GEAR October column: The Low-down on Gaming Movies

Death. Taxes. For many, life’s certainties end at these 2 items. But there is a third certainty – bad movies based on video games.

Game-to-film adaptations must have the worst record of any movie genre when it comes to critically panned turkeys. Think Street Fighter and Double Dragon. BloodRayne, starring the Terminatrix herself, Kristanna Loken, made a pitiful $1.5 million at American cinemas this January. It hasn’t even gone straight-to-DVD locally.

BloodRayne’s director, Uwe Boll, has been labelled a 21st Century Ed Wood because of his laughably bad films. Unfortunately for gamers, Boll appears to have an especial fondness for ruining game-to-film adaptations. He has already made Alone in the Dark, and his next ‘masterpiece’ is a Dungeon Siege film, starring Matthew Lillard and Burt Reynolds as medieval nobility. Expect Dungeons & Dragons awfulness!

Perhaps it’s unfair to say that all game movies are rubbish. They clearly make money. Tomb Raider, Doom, and this year’s Silent Hill all debuted at number 1 at the box office. It’s just that the genre’s best tend to be unexceptional. Resident Evil, probably the most popular video game movie, is still a forgettable zombie film. Even with semi-nude Milla Jovovich.


One of the fundamental problems of game movies is that they lack originality. This is because, frequently, the games adapted for the big screen are those with filmic influences. Doom 3 gave gamers the ultimate Aliens experience. The Doom movie came across as an Aliens knock-off, with a First Person sequence tacked on.

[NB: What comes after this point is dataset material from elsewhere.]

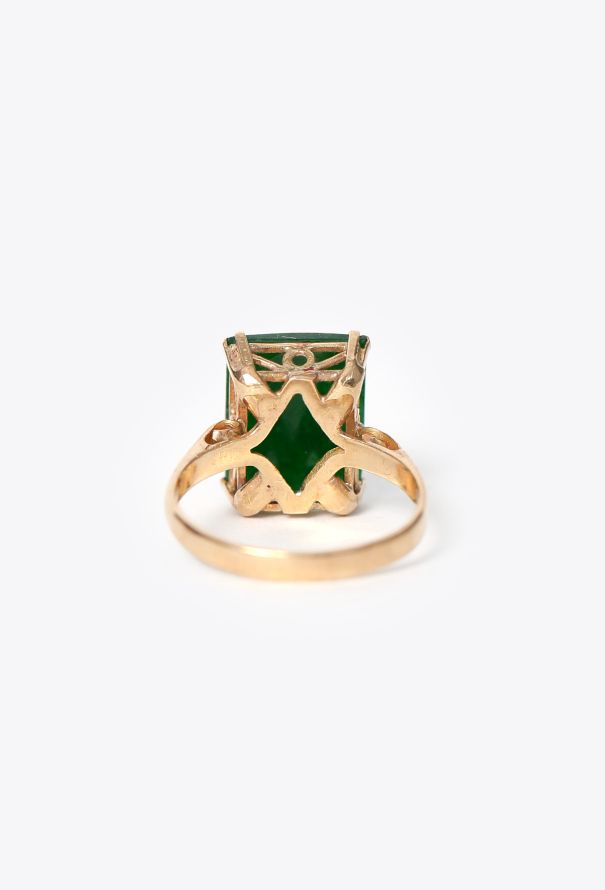 Vintage Fine Jewelry 1960s 18K Yellow Gold & Jade Ring - 7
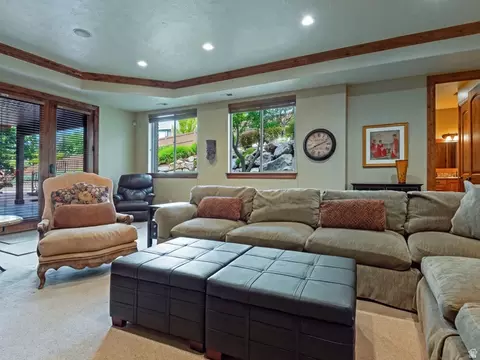 Living - 1879 E Longview Dr S, Holladay, UT 84124 photo 8 of 10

A Grand Theft Auto film would be pointless for this same reason – the games let you ‘live’ your own urban action movie.

The biggest problem of game movies is their handling by people who have no concept of fan feelings or intelligence. It has taken decades for films based on comics to gain respect as creative products, worthy of serious treatment. Game-to-film adaptations are seen by Hollywood executives as brainless fodder for teenagers.

Gamers’ wants are ignored by B-grade filmmakers who mistakenly believe they have the right to ‘reimagine’ beloved characters and worlds. So Final Fantasy was more science fiction than fantasy, Hell vanished from Doom, and BloodRayne wandered around Nazi-free Medieval Europe.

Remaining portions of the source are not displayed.